**Assigned task:** As the answer, set down the lines below from the one containing "Фото Нижегородцы жалуются" through the one containing "Herme* Sandal1", exactly and inclusively, and no others.

**Provided material:**
>>>>
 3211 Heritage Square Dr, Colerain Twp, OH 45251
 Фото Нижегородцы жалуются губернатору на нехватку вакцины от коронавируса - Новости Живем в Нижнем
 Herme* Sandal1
<<<<
>>>>
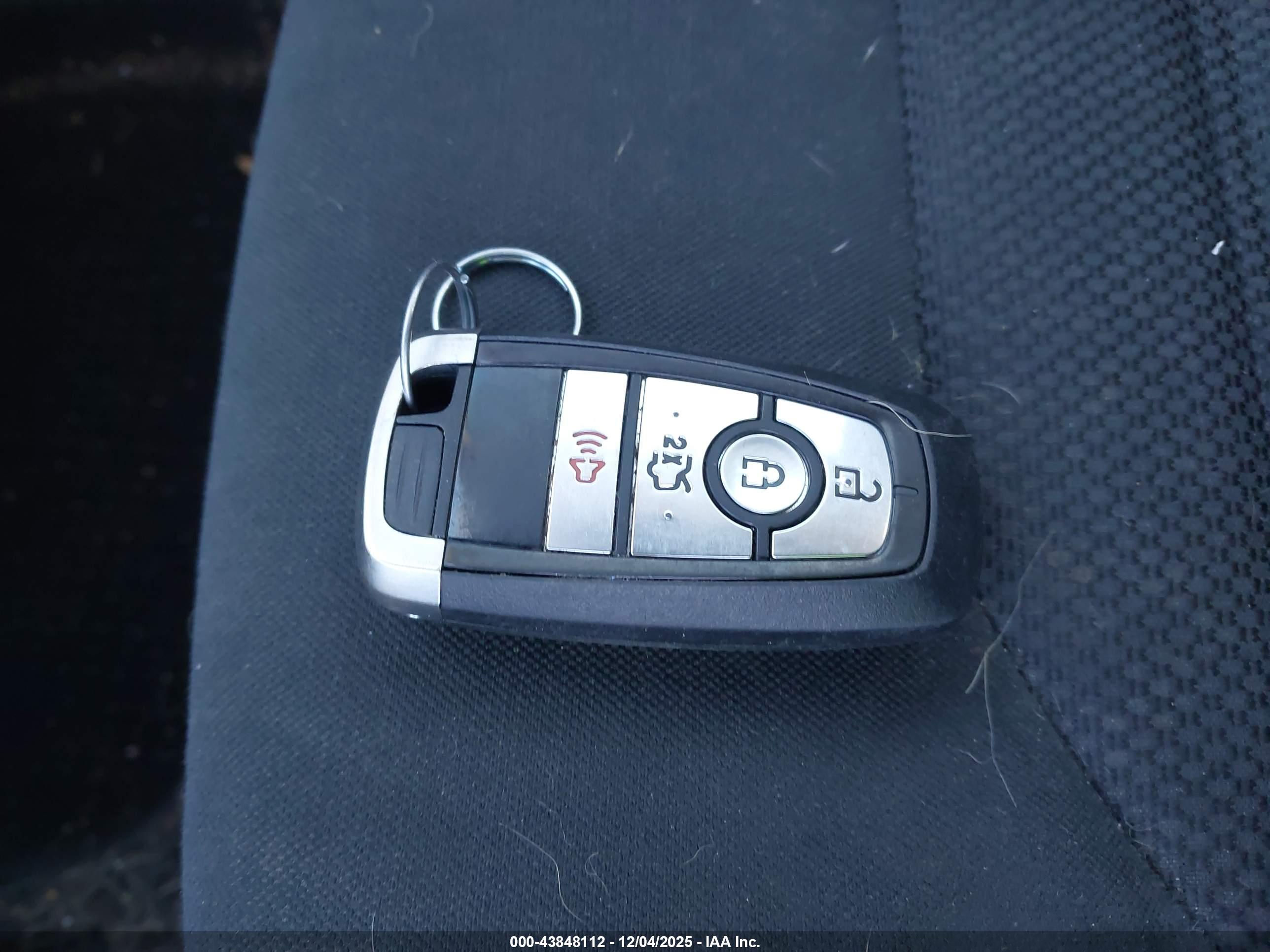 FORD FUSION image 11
<<<<
**Task solution:**
 Фото Нижегородцы жалуются губернатору на нехватку вакцины от коронавируса - Новости Живем в Нижнем
 Herme* Sandal1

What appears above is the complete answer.